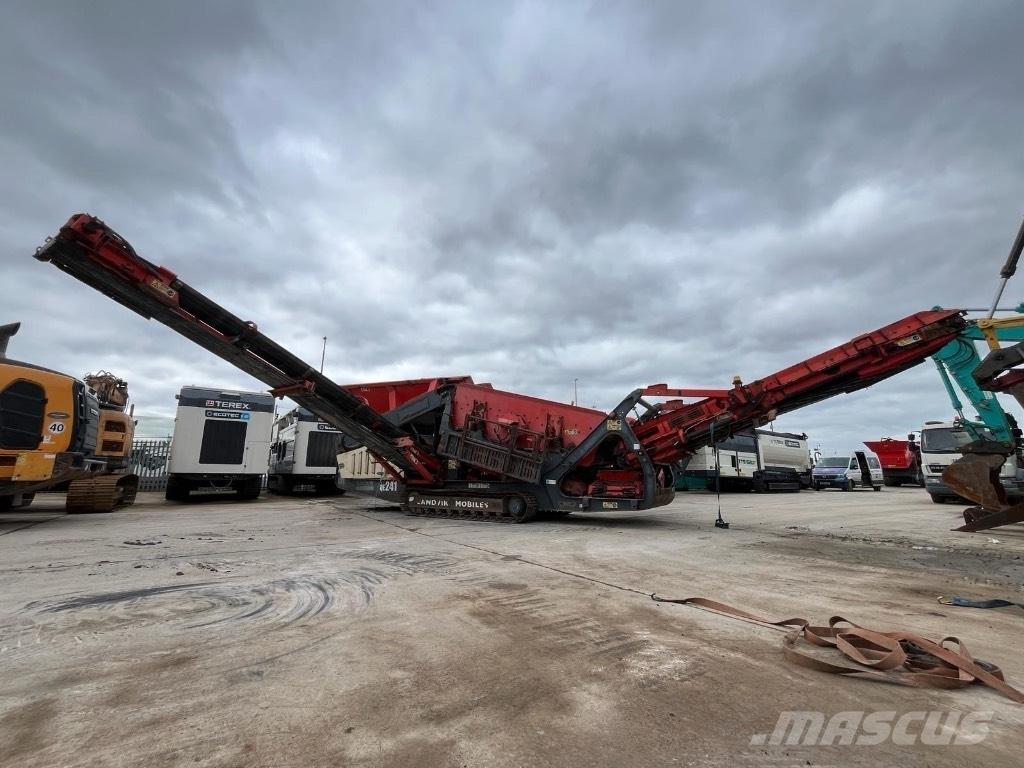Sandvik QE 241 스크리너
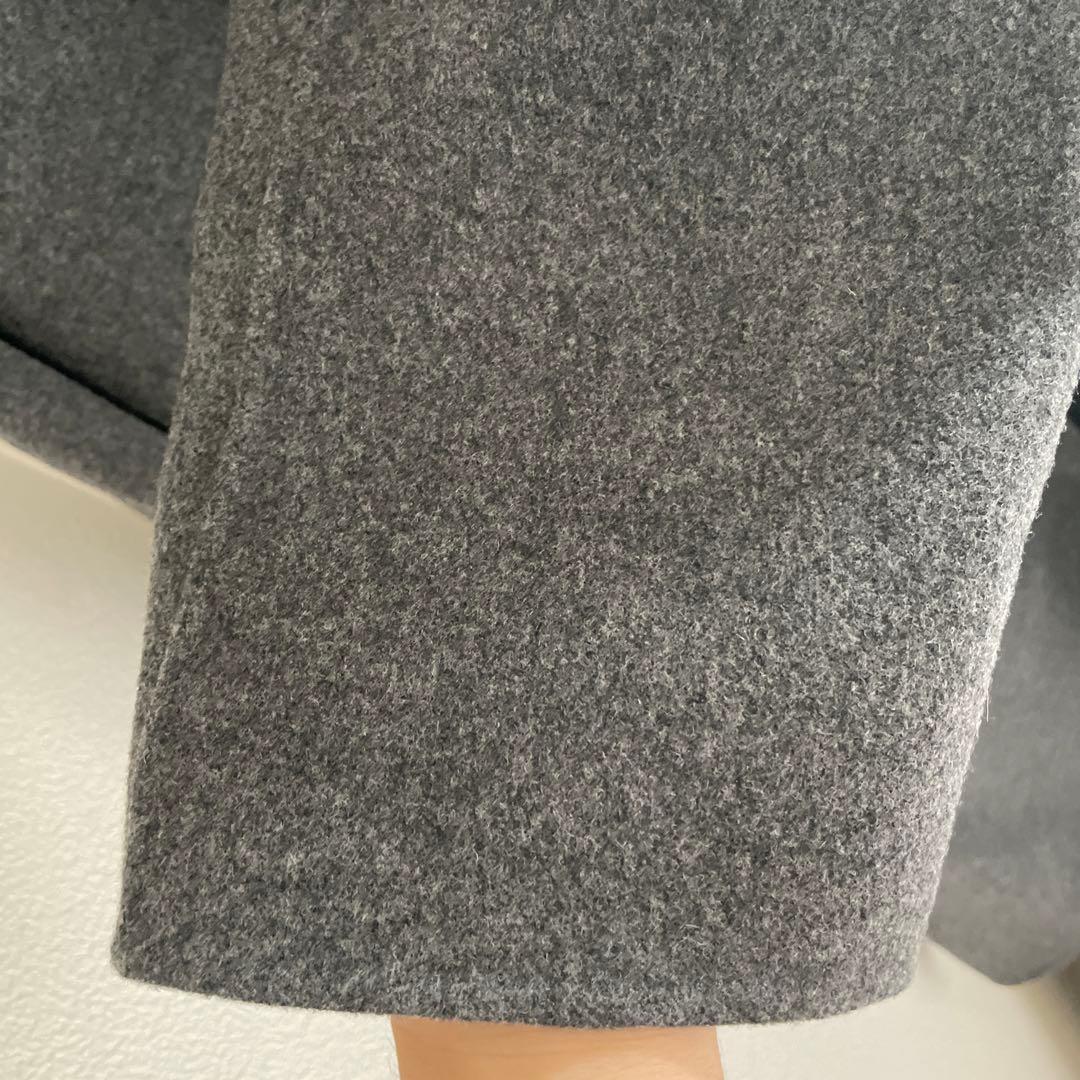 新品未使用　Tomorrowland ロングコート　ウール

* * *

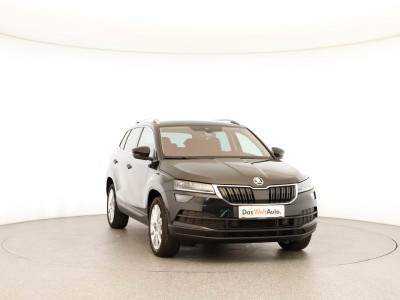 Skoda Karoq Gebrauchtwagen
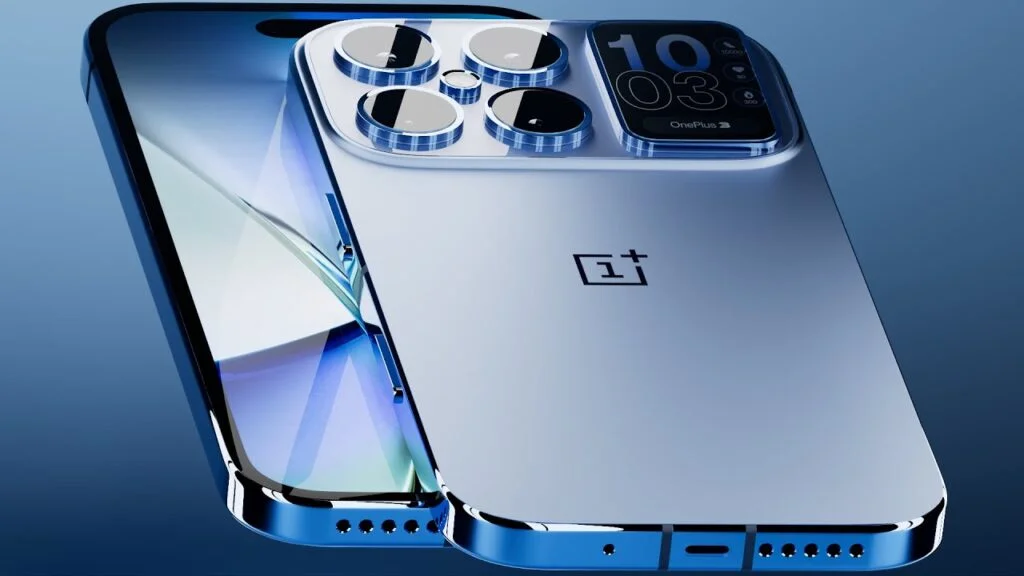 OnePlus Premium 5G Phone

> **EXERCISE DETAILS**
What belongs in the answer is each line above from the line with "Skoda Karoq Gebrauchtwagen" to the line with "OnePlus Premium 5G Phone", inclusive, reproduced exactly and free of pictures.

> **SOLUTION TO THE EXERCISE**
 Skoda Karoq Gebrauchtwagen
 OnePlus Premium 5G Phone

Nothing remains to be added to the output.